Aside from the fact that this guy is illiterate, he is absolutely the fundamental reason why populations of big cats across Africa suffer ever-decreasing numbers.
His blog article titled ‘Where Can I Pet A Baby Lion?’ claims that cub-petting is fine as part of a volunteer programme, but not in a petting-zoo facility. It is this belief that we need to abolish.
People like this, who claim to know about conservation and think they are helping the survival of animals, are actually spreading false information based on uneducated perceptions of a tourism industry whose sole focus is turning a profit. In fact, this man even states that he has ‘no problem with profit seeking’ and refers to the cubs as ‘talents’.
He expresses such contradictory opinions that I cannot even fathom his thinking.
The harsh, modern-day truth is that social media rule the world. Too many people enjoy their experiences through a camera lens instead of taking it in with their full attention. But that’s okay, because they’ve got the photo for Facebook (thumbs up emoji).
In this sense, people do not question where the big cats come from or where they go after they have received their likes on Instagram.
In an incoherent collection of contradictions, this man states, ‘As long as quality of life and adulthood issues are valid I wouldn’t have a problem visiting somewhere that was run more directly for revenue’, yet in the same article displays videos of cubs being ripped away from their mothers to feed the industry’s greed for money.

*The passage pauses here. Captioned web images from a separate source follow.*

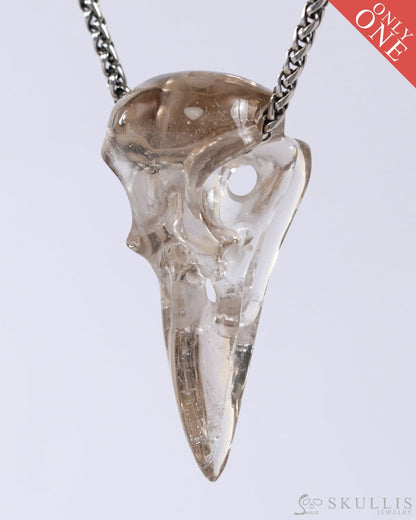 Gem Raven Skull Pendant Necklace of Smoky Quartz Rock Crystal Crystal Raven Pendant - 9500320 Skull Pendants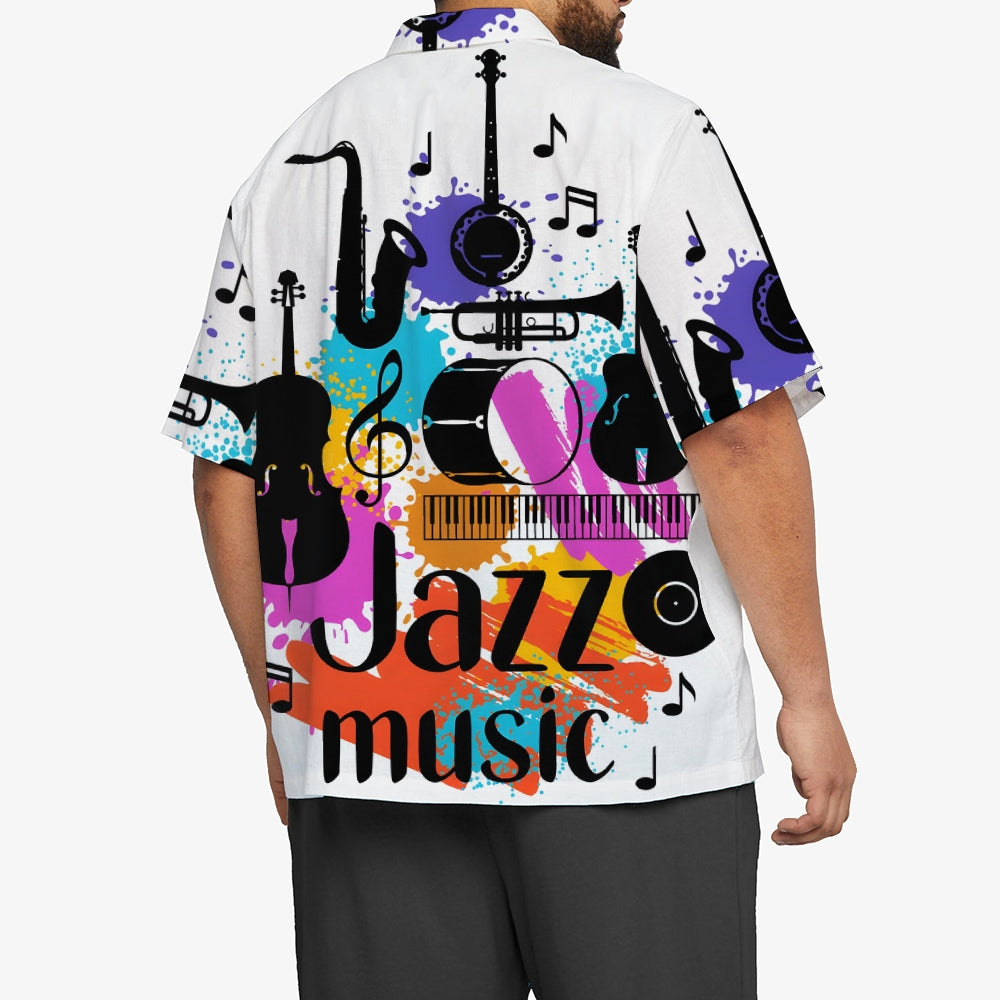 Retro Musical Jazz 3D Print Men's Button Pocket Short Sleeve Shirt 2410001897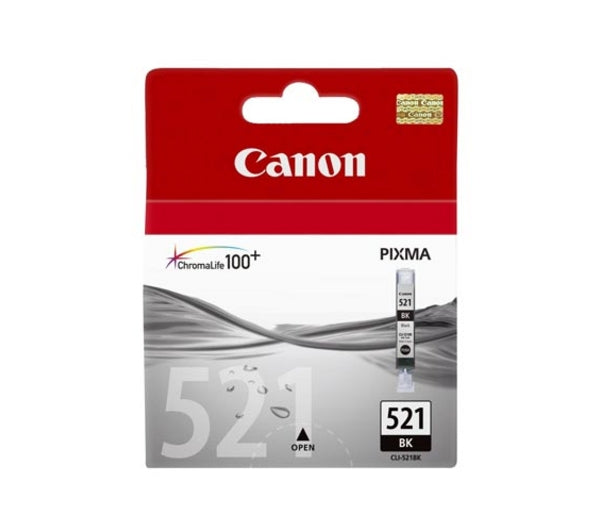 Canon CLI-521 BK Schwarz Tintenpatrone (Original) – 350 Seiten – für PIXMA iP3600/MX870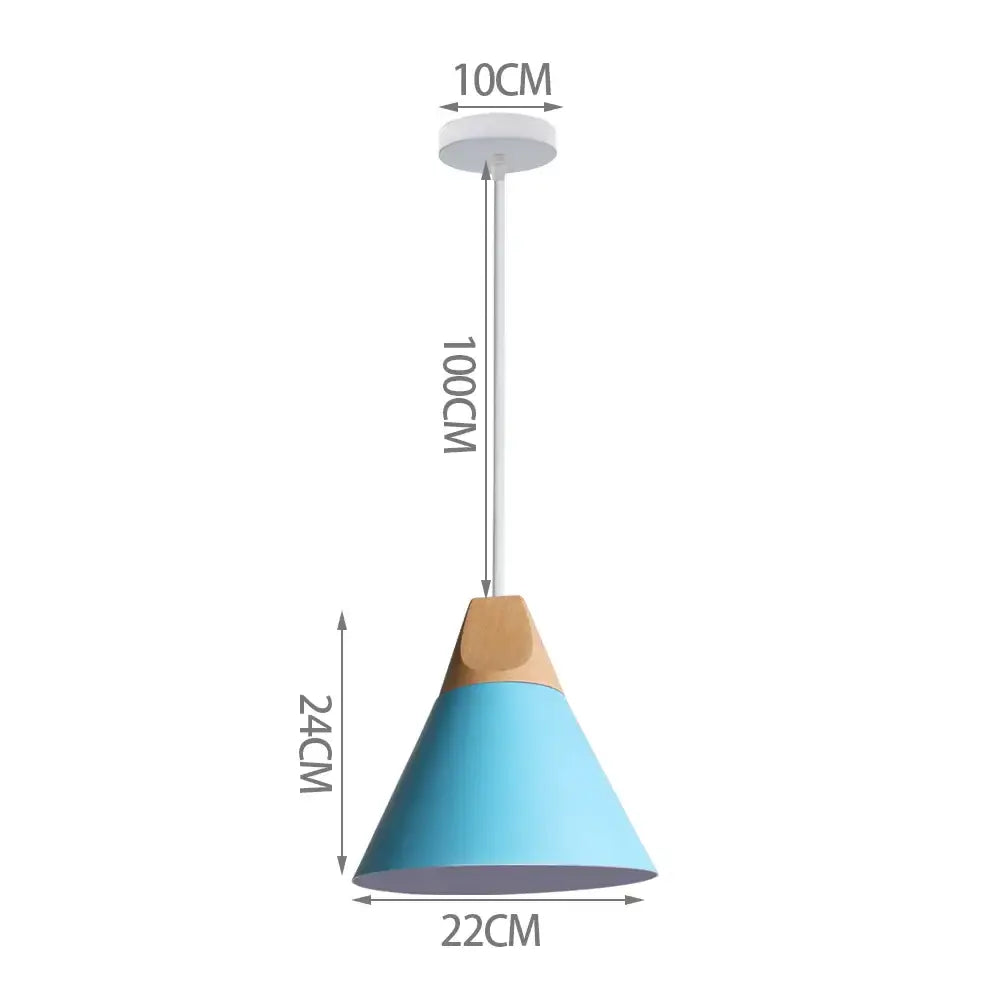 Blue Metal Pendant Light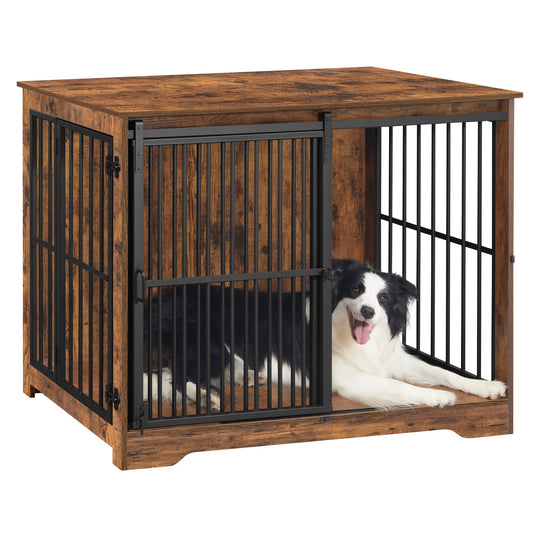 Hzuaneri Furniture Dog Crate - Dual-Door Iron Pet Cage, Indoor Modern Dog Kennel for Small to Large Dogs up to 100kg, Multifunctional Side Table Design, with Anti-Escape, Safety Locks, and Airplane Lock Features, for Home Use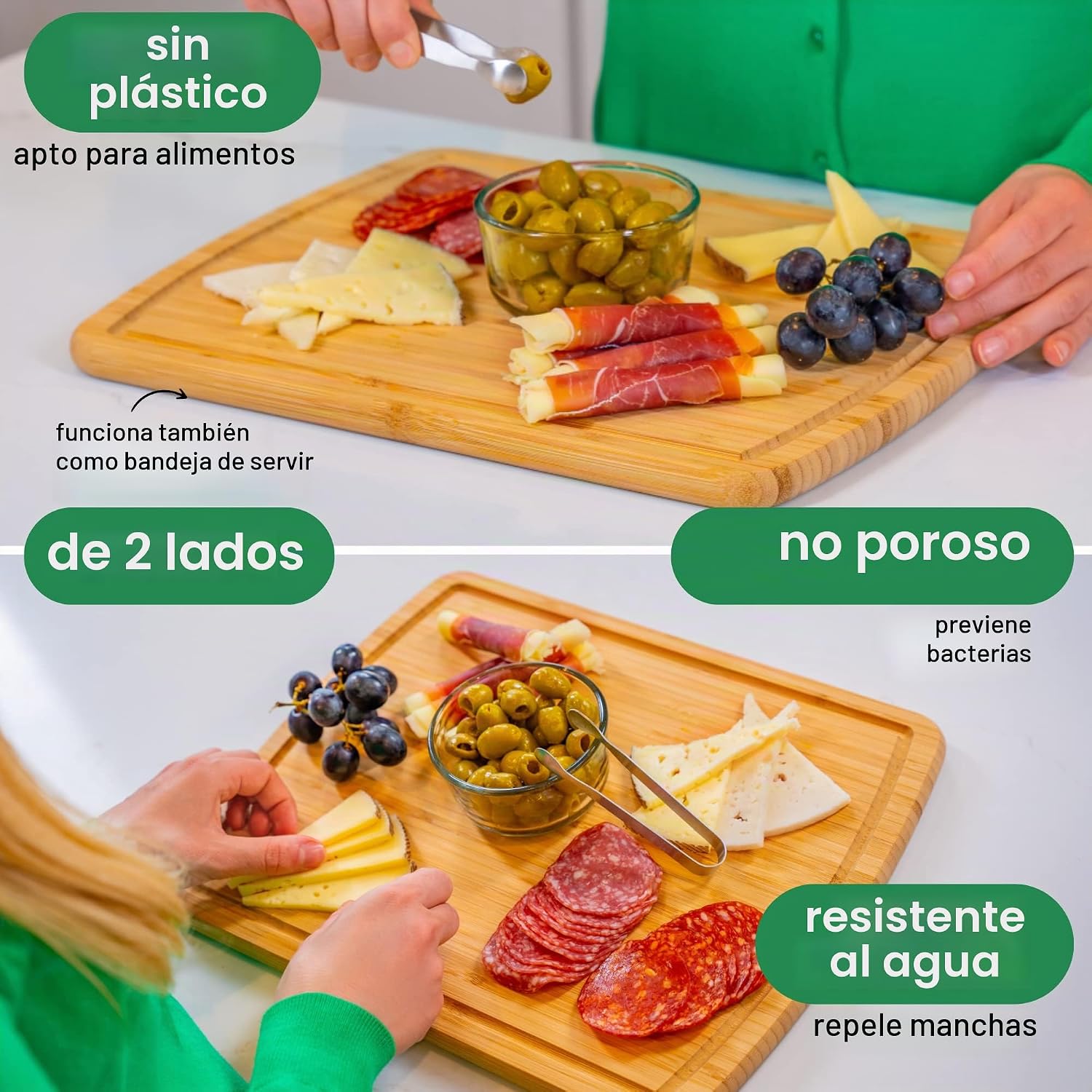 GREENER CHEF Tabla de Cortar de Bambú de 15 Pulgadas con Reemplazos...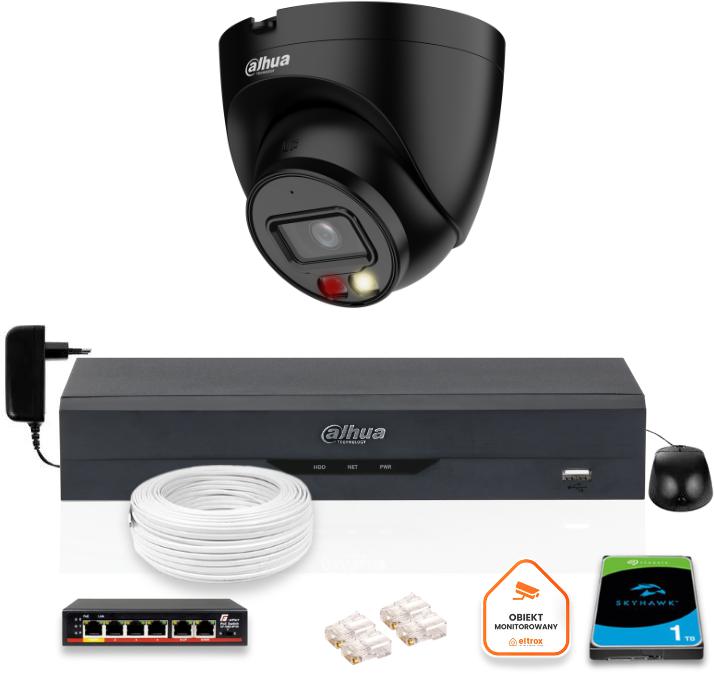 SADA Dahua IP kamera 4mpx IPC-HDW1439V-A-IL-BLACK + DISK 1TB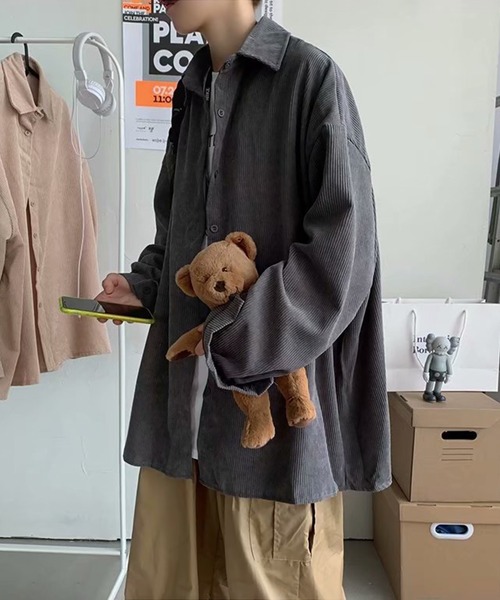 SBG（エスビー）の「SBG コーデュロイオーバーサイズシャツ（シャツ/ブラウス・メンズ・ネイビー/グレー/ライトベージュ・LARGE/MEDIUM）」の8枚目の写真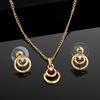 Estele 24k Gold Plated Spiral Pendant Set with Rhinestones for Women/Girls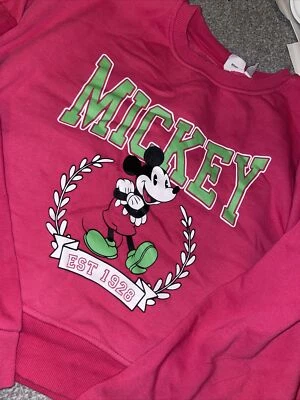 £2 • Buy DISNEY Pink Cropped Mickey Mouse Sweatshirt Size 18/20 (XL)
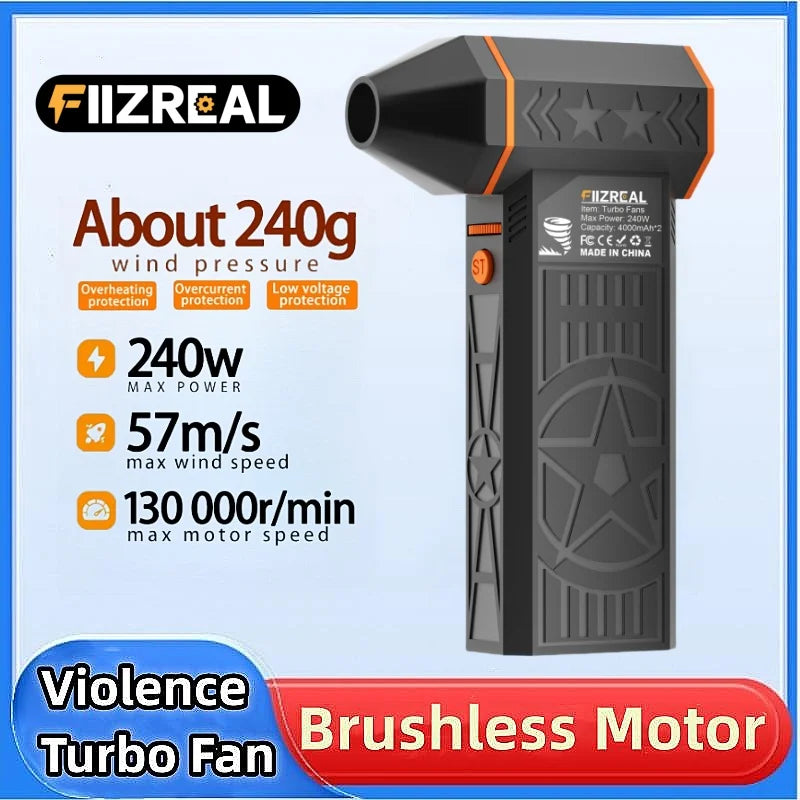240W Brushless Turbo Air Duster – 57m/s, Dual Battery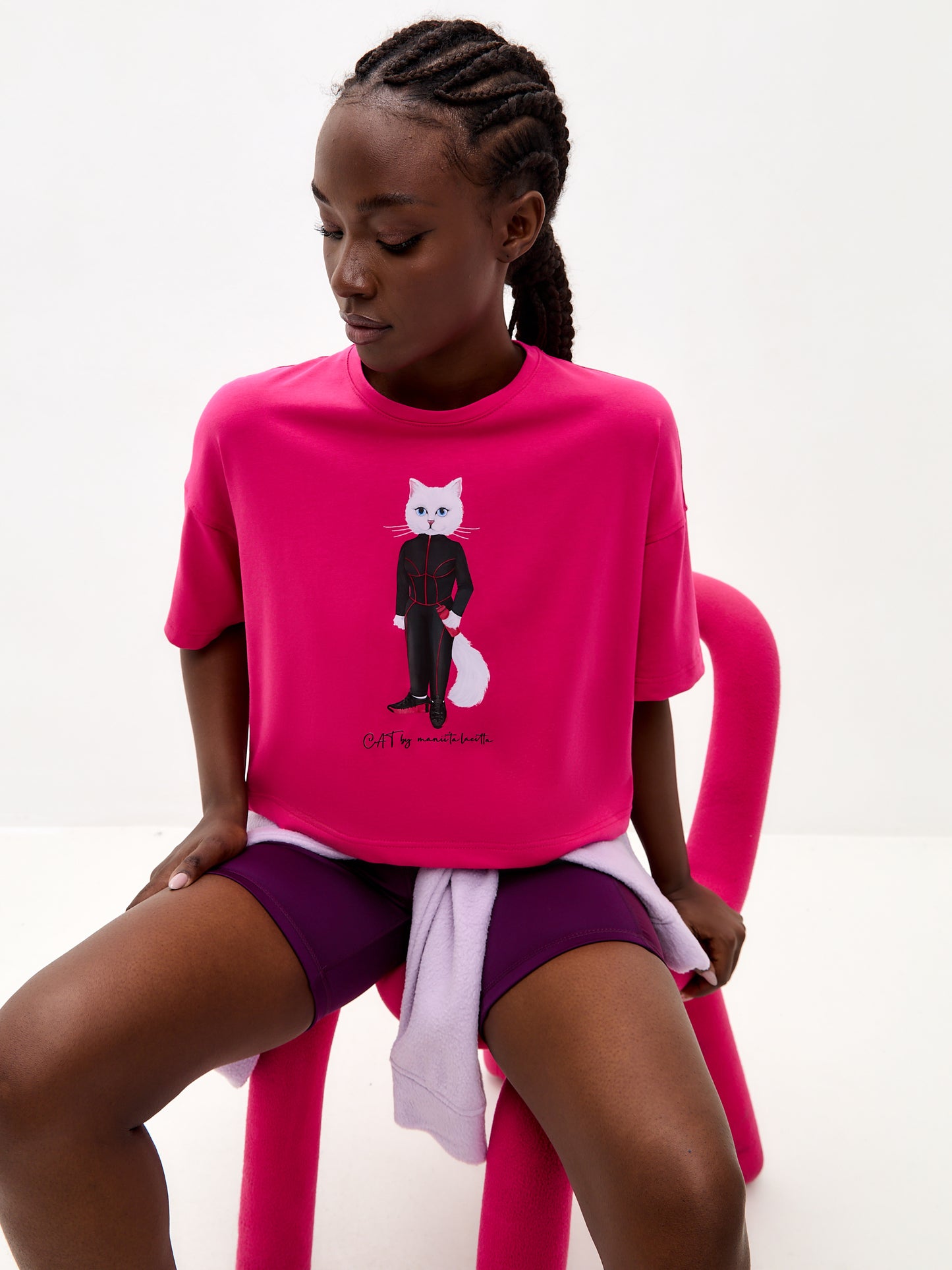 Pink Printed short oversized T-shirt SPORT CAT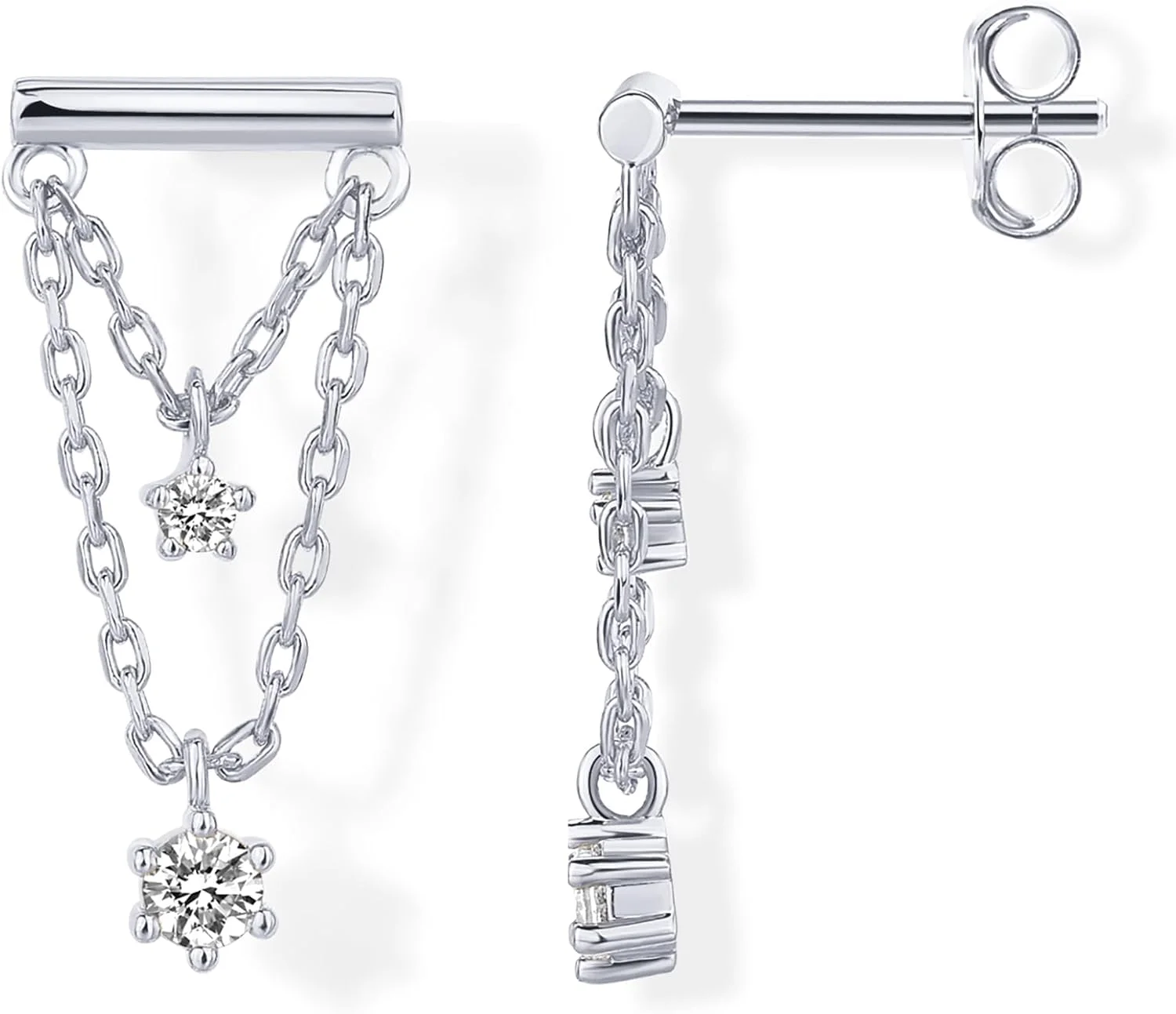 گوشواره های میخی مرواریدی پشت صاف با روکش طلای 14 عیار PAVOI برای زنان - گوشواره های آویز قطره ای گلابی زیرکونیا مکعبی مرواریدی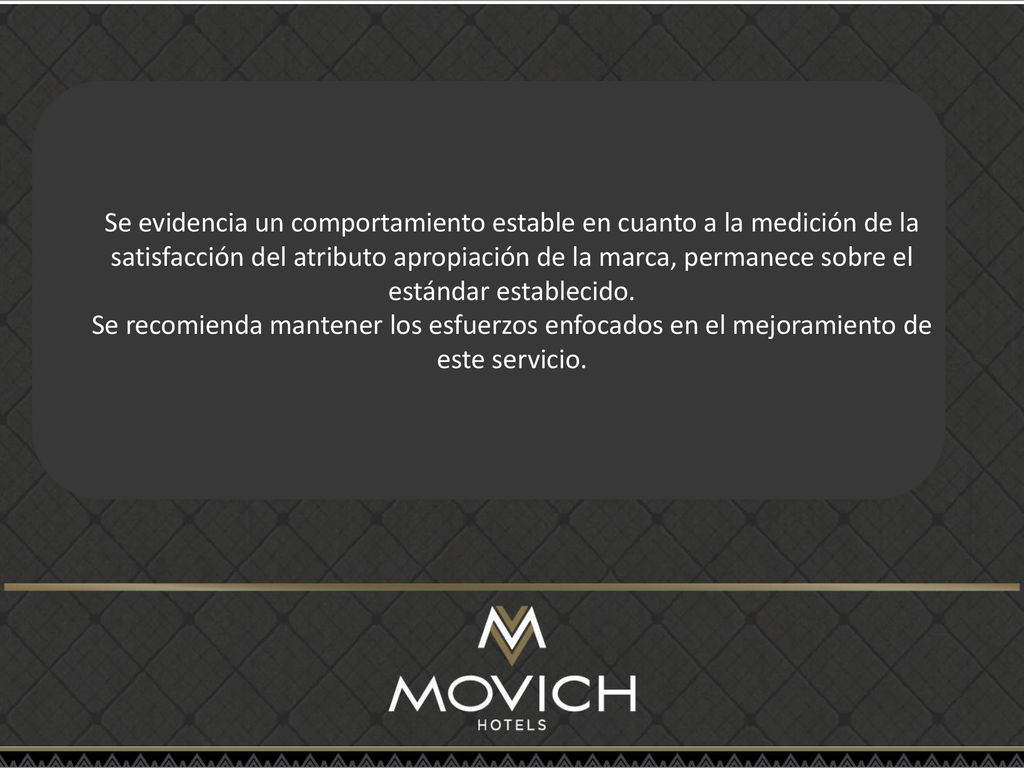 Se evidencia un comportamiento estable en cuanto a la medición de la satisfacción del atributo apropiación de la marca, permanece sobre el estándar establecido.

Anyone who has ‘pet some tigers’ and ‘join a big kitty volunteer programme’ on their bucket list cannot claim to be an ethical conservationist. But the ramifications of his post reach further than that.
His preaching misinformed views to the public means that readers are led to believe that there are good and bad sides to cub-petting and will therefore be drawn to choose the ‘better side’. In fact, when it comes to cub-petting, there is no ethical action.
To his claim, ‘I think the only way for any member of the public to safely and ethically encounter a lion or tiger is if they are cubs and if you just happen to be in a place that has them for some reason’, I can only ask why someone would ever just happen to find themselves in a place that has cubs available for petting? And just because you ‘happen’ to be there, why does that make it okay to pet them? As well as being a highly unlikely situation to ‘find’ yourself in unless you are actively seeking cub-petting, whether as a volunteer or a tourist.
He goes on to explain that cub-petting is available in some establishments because ‘they may have something like an unexpected pregnancy’. In what world is an lion’s ‘unexpected pregnancy’ cause for human intervention to necessitate petting by the public. No lioness would ever let you take its young cub away from her, which means that it would have to be taken by force, causing severe distress for both the mother and the newborn cub.
He ends the article by claiming, ‘the only way I could support ethically encountering these cats to touch them would be in a volunteer program’.
– if a cub has forcefully been taken away from its mother
– if the cub IS handled by many different people every day
– if the cub is getting used to interaction and therefore losing its instinctual fear of humans
– if the cub is being fed by milk supplement
– if the cub will spend the rest of its life in an enclosure
– if the cub will never know the wild life that it deserves
Why would all of these factors be okay because the person doing it is a volunteer rather than a tourist?